_Given data_.
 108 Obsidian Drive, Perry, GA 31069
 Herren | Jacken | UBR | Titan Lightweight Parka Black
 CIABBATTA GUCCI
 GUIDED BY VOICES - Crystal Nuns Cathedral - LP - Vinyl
* * *
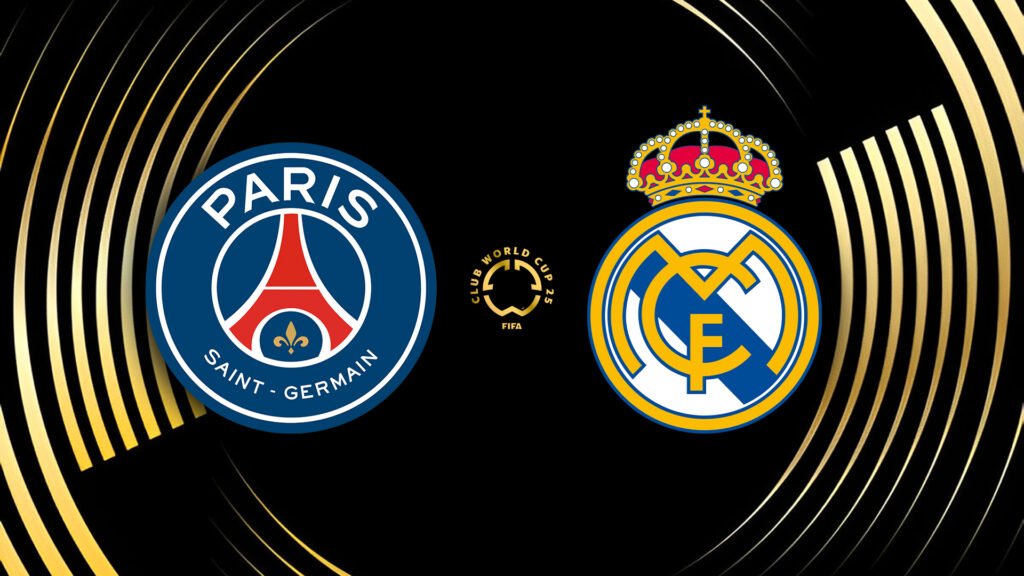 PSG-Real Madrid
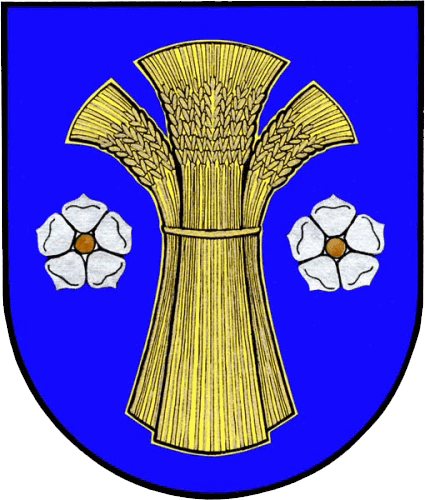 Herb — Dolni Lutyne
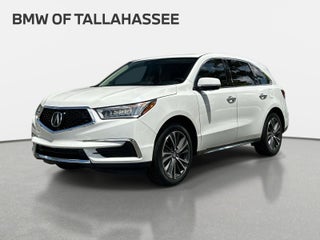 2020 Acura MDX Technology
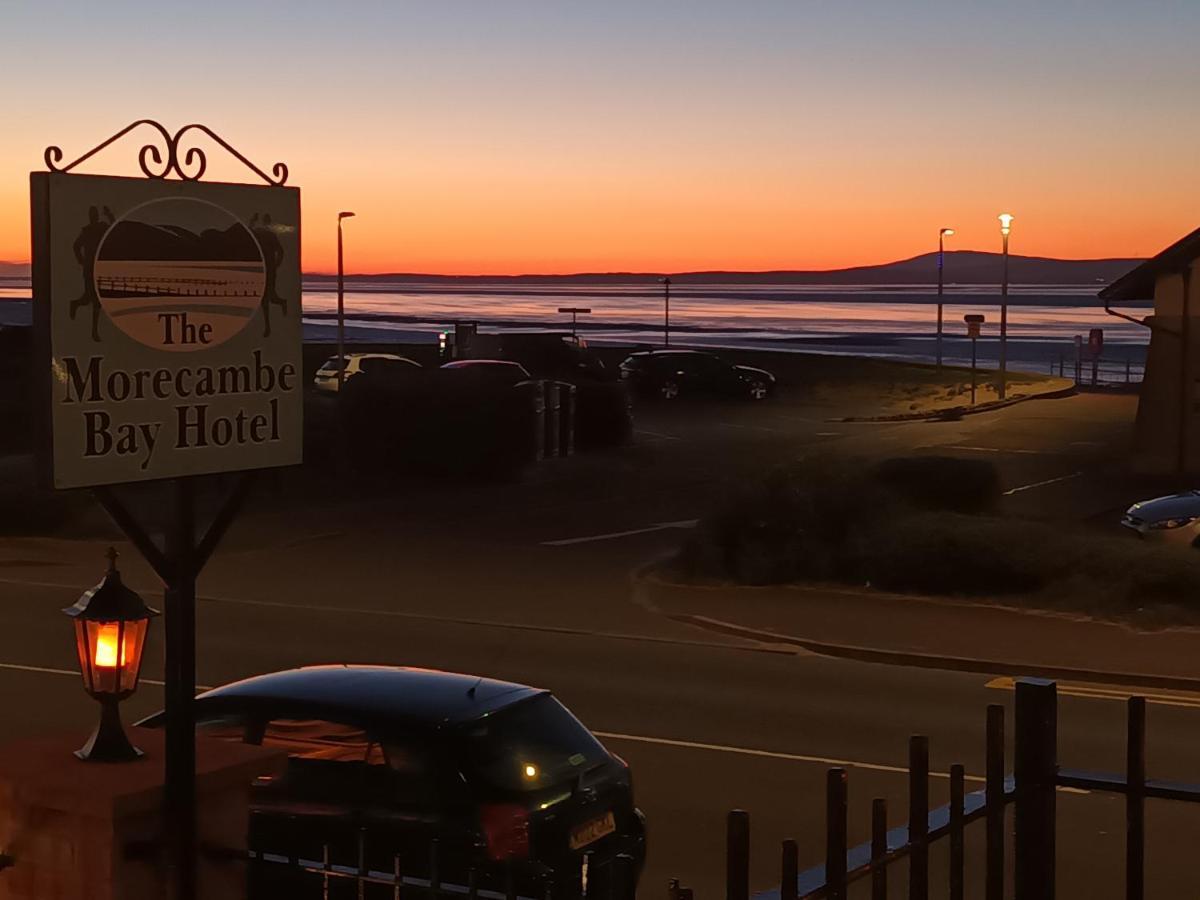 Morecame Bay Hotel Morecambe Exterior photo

_Instructions to follow_. Leaving out all pictures, set down exactly the lines of the material above, from the line with "Herb — Dolni Lutyne" to the line with "Morecame Bay Hotel Morecambe Exterior photo" inclusive, and no others.

_Written answer_.
 Herb — Dolni Lutyne
 2020 Acura MDX Technology
 Morecame Bay Hotel Morecambe Exterior photo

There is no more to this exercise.